> _EXERCISE BRIEF_
All lines from the one containing "Gray Butterflies Print" through the end of the material below are to be printed exactly, both ends included, minus pictures.

> _INPUT DATA_
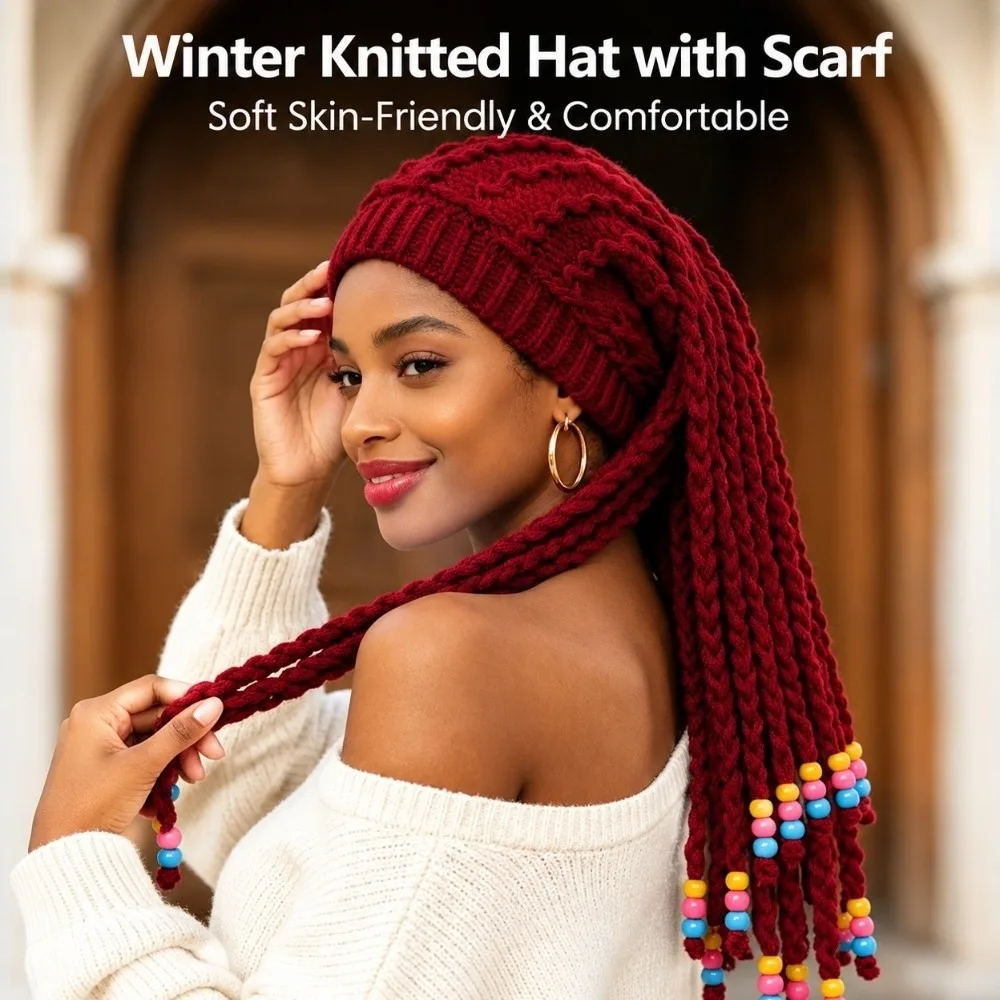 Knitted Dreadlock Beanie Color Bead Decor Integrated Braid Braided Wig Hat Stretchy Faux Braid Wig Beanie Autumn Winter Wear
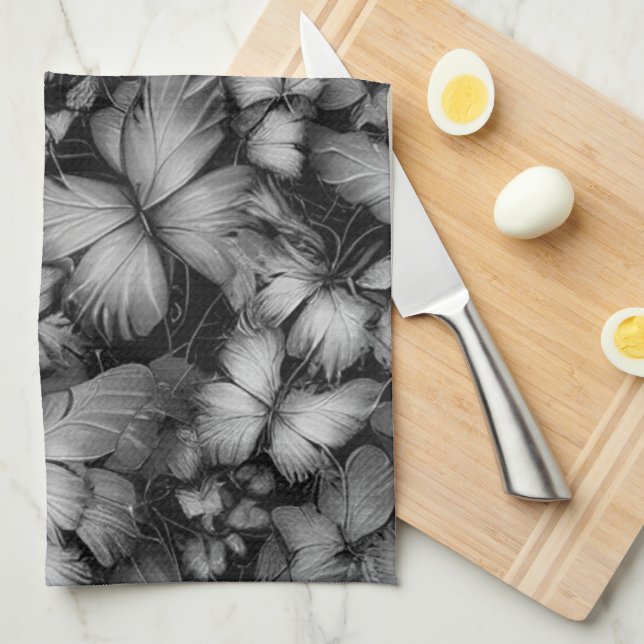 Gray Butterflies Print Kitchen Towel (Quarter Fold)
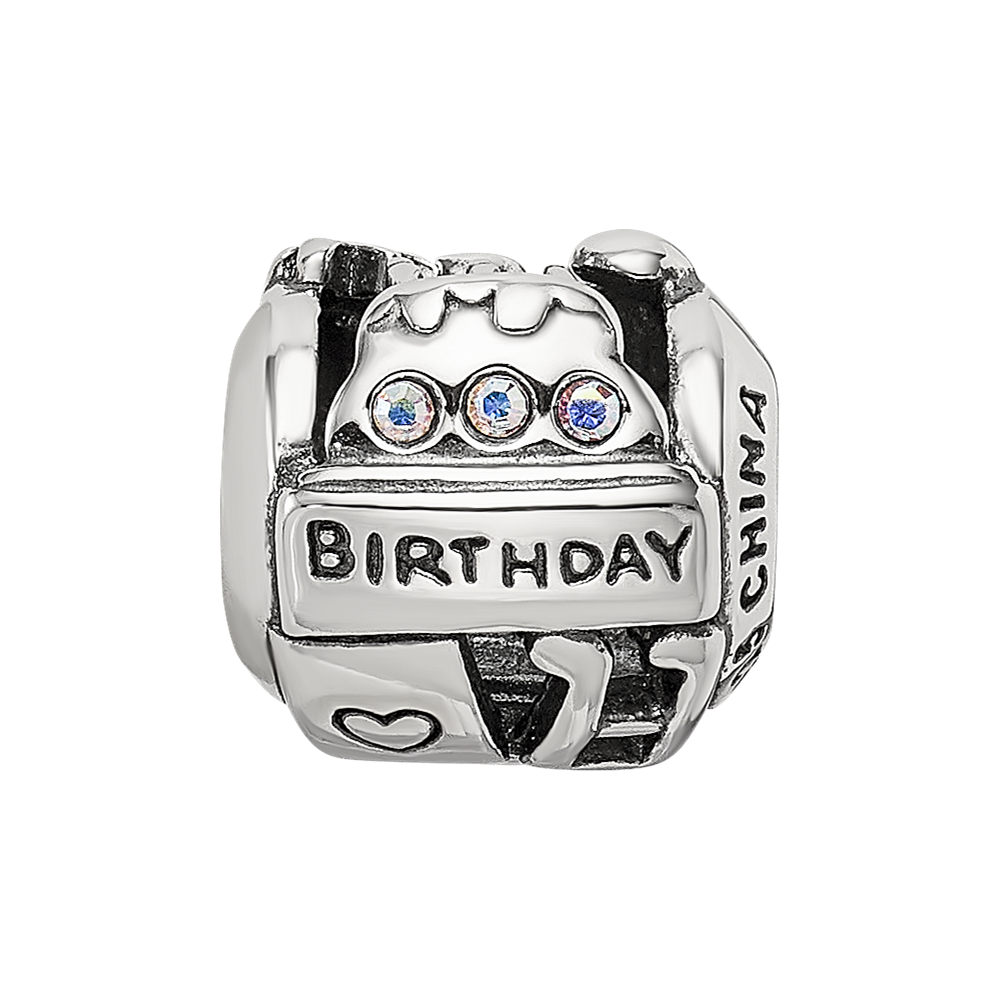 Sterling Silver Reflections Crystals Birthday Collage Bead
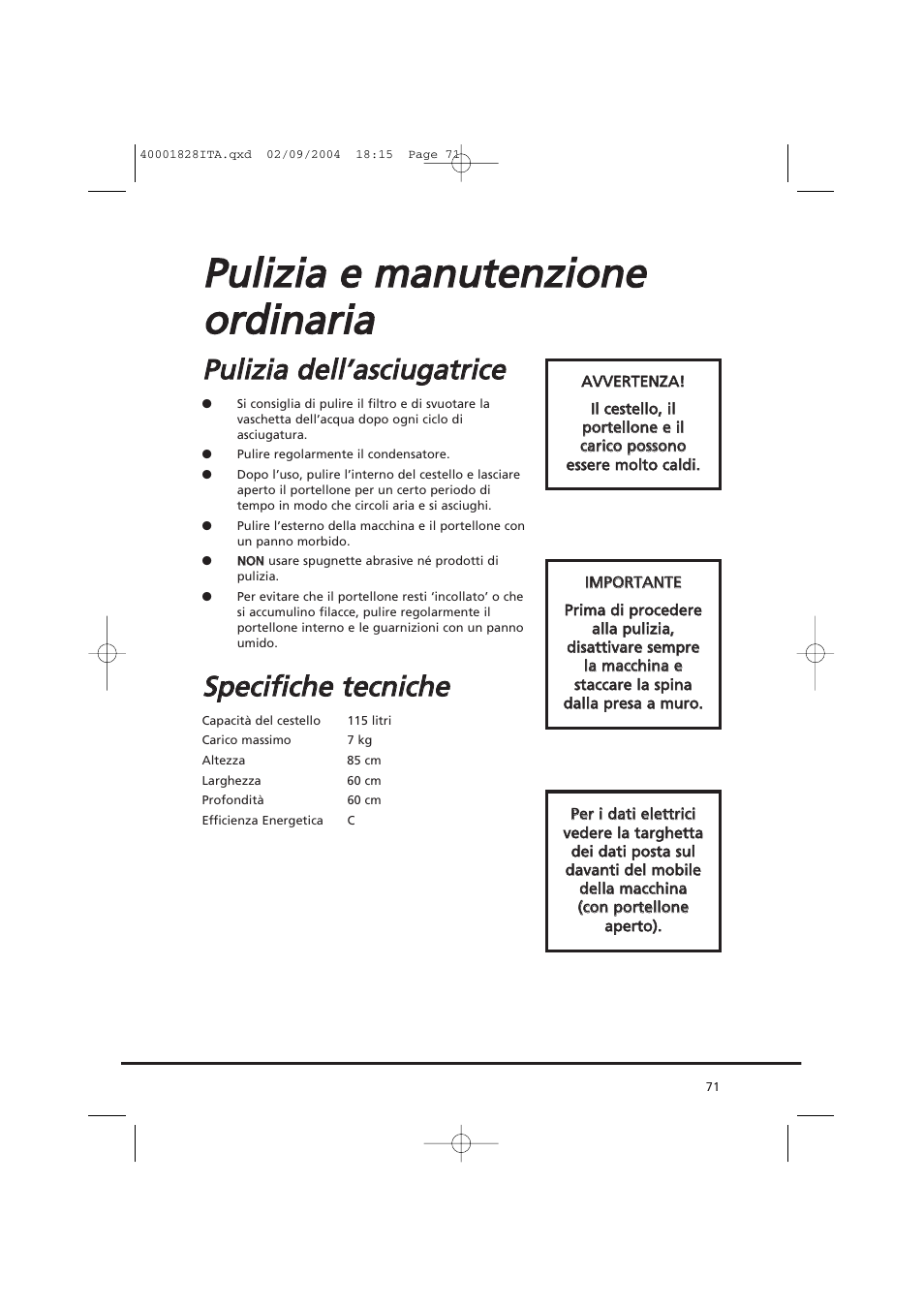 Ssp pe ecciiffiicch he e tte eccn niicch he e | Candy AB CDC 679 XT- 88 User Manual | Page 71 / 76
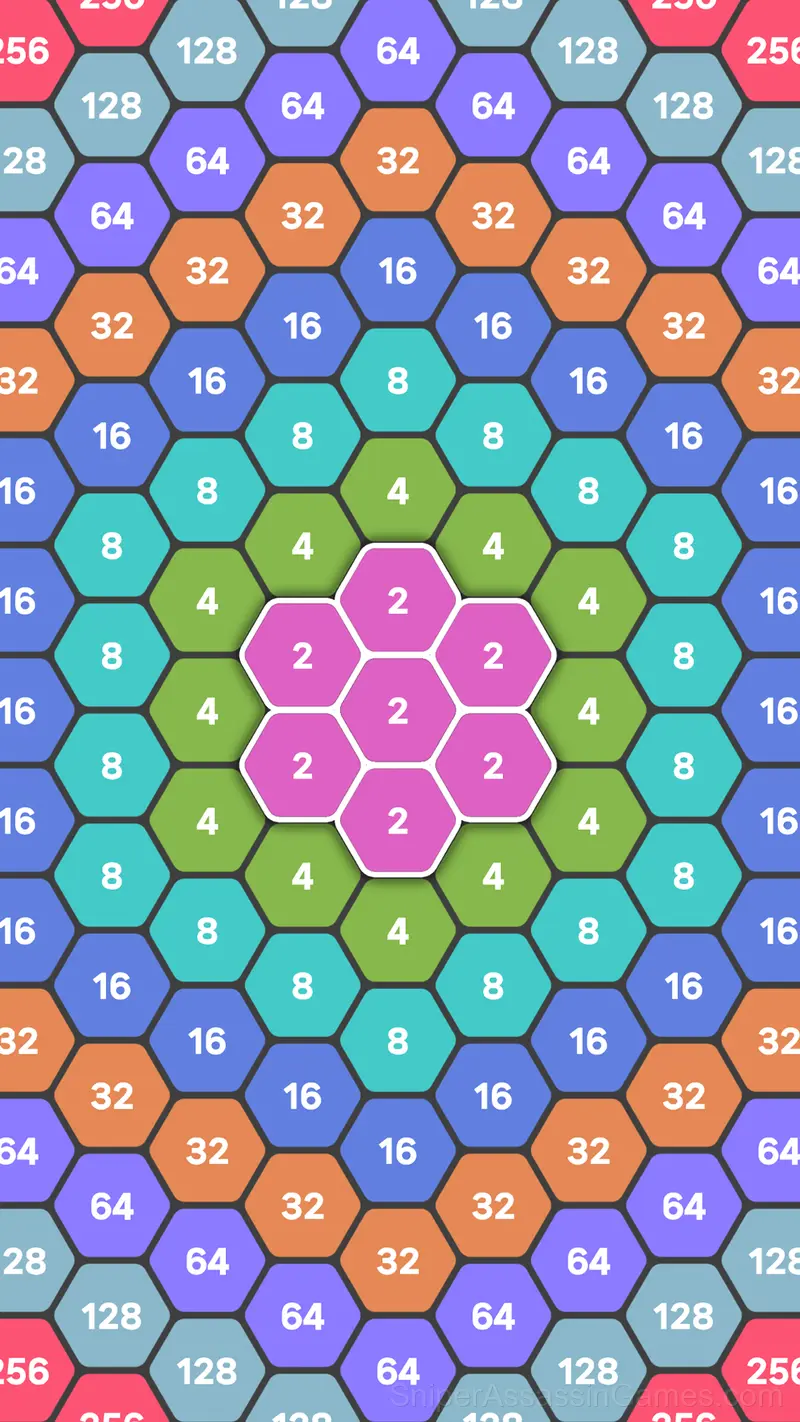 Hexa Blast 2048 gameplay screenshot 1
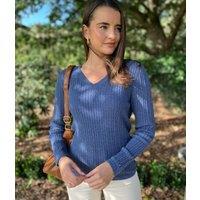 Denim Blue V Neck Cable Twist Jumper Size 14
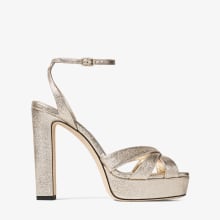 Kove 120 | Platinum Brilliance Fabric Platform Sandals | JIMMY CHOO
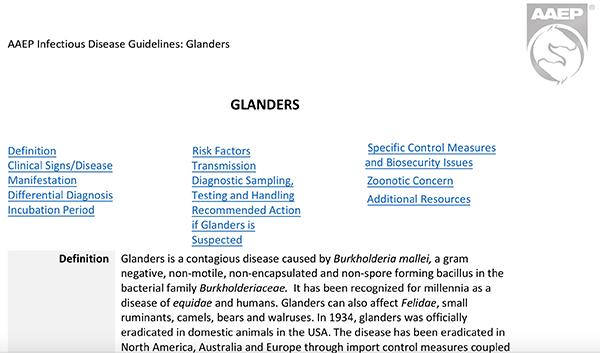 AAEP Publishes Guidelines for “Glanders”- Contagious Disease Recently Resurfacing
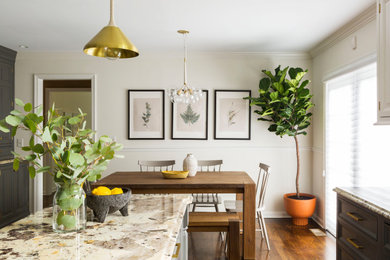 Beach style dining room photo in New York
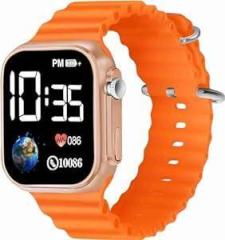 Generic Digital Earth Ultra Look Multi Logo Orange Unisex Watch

> _YOUR RESPONSE_
 Gray Butterflies Print Kitchen Towel (Quarter Fold)
 Sterling Silver Reflections Crystals Birthday Collage Bead
 Ssp pe ecciiffiicch he e tte eccn niicch he e | Candy AB CDC 679 XT- 88 User Manual | Page 71 / 76
 Hexa Blast 2048 gameplay screenshot 1
 Denim Blue V Neck Cable Twist Jumper Size 14
 Kove 120 | Platinum Brilliance Fabric Platform Sandals | JIMMY CHOO
 AAEP Publishes Guidelines for “Glanders”- Contagious Disease Recently Resurfacing
 Beach style dining room photo in New York
 Generic Digital Earth Ultra Look Multi Logo Orange Unisex Watch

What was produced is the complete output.